Sebelum berangkat ke Basel, Fitriani hanya mampu menjadi juara di Thailand Masters 2019. Turnamen seri BWF World Tour pada awal tahun berhadiah total 150 ribu dolar AS ini tak diikuti oleh pemain-pemain bintang dunia. Naik ke kelas 350 ribu dolar AS di Malaysia Masters yang mulai didatangi oleh para pebulu tangkis sepuluh besar dunia, Fitri hanya sampai babak kedua setelah menyerah di tangan He Bing Jiao (Cina). Sepekan kemudian di Indonesia Masters, Fitri kembali sudah tersingkir di babak kedua. Kali ini giliran Saina Nehwal (India) yang mengalahkannya.

Pada pekan ketiga Februari, Fitri hanya sampai babak kedua Barcelona Spain Masters. Di turnamen berkelas 150 ribu dolar AS ini dia menyerah kepada peringkat 16 dunia Cai Yan Yan dari Cina. Meneruskan tur Eropanya di Jerman Terbuka, Fitri juga hanya sampai babak kedua. Dia menyerah kepada Sayaka Takahashi, pebulu tangkis Jepang peringkat 15 dunia, di turnamen 150 ribu dolar AS itu. Lanjut ke turnamen paling prestisius di dunia dengan hadiah uang total 1 juta dolar AS, All England, pada awal Maret, Fitri kembali menyerah kepada He Bing Jiao di babak pertama.

Sebulan kemudian Fitri juga gagal di babak pertama Malaysia Masters berhadiah total 700 ribu dolar AS, setelah menyerah kepada Sung Ji Hyun (Korsel, 11 dunia). Di Singapura Terbuka sepekan kemudian dia langsung tumbang di babak pertama, menyerah kepada Ratchanok Intanon. Di Selandia Baru Terbuka, 30 Mei-5 April, Fitri kalah dari Aya Ohori di babak kedua. Di Australia Terbuka, awal Juni, berhadiah total 150 ribu dolar AS, Fitri juga langsung tersingkir di babak pertama di tangan Zhang Yi Man (Cina).

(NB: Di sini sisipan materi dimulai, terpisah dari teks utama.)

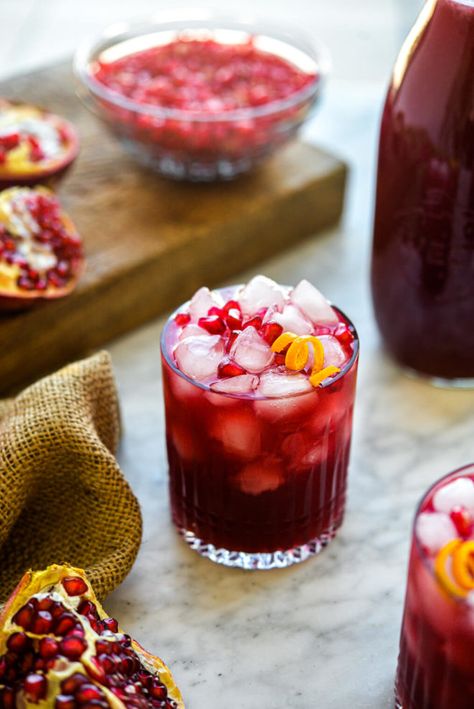 Pomegranate Margarita Recipe, Pomegranate Margaritas, Gluten Free Desserts Thanksgiving, Pomegranate Margarita, Gluten Free Thanksgiving Recipes, Fed And Fit, Traditional Margarita, Margarita Ingredients, Pomegranate Recipes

Di  kandang sendiri, Indonesia Terbuka, Juli lalu, Fitri tersingkir di babak pertama, kalah dari Chen Yu Fei (Cina). Dia kembali dijungkalkan Chen Yu Fei di babak pertama, kali ini di Jepang Terbuka berhadiah total 750 ribu dolar AS. Dua pekan sebelum Kejuaraan Dunia, Fitri mampu melenggang hingga perempat final Thailand Terbuka. Namun, akhirnya menyerah kepada Sayaka Takahashi di turnamen 350 ribu dolar AS itu.

Di Basel, sejauh ini Fitri sudah lolos hingga babak kedua setelah Selasa (20/8) menang atas peringkat 42 dunia Yvonne Li (Jerman) 21-14, 21-12. Sayang, di babak kedua dia sudah harus berhadapan dengan ungula kedua Tai Tzu Ying (Cina Taipei).

Pertandingan keduanya dijadwalkan berlangsung sekitar pukul 18.00 WIB Rabu ini.

Kedua pemain belum pernah bertemu dalam karier internasional mereka. Dengan segudang engalamannya, Tai yang kini menempai peringkat dunia memang masih di atas level permainan Fitri.

Tahun ini dia sudah merebut gelar Malaysia Terbuka dan Singapura Terbuka. Selain itu juga tercatat sebagai finalis All England dan semifinalis Indonesia Terbuka. Sebagai catatan, terhadap Gregoria, Tai unggul 3-0 dalam //head to head//. Bukannya mengecilkan Fitri, namun peluang untuk menang sangat berat –walaupun selalu ada jalan.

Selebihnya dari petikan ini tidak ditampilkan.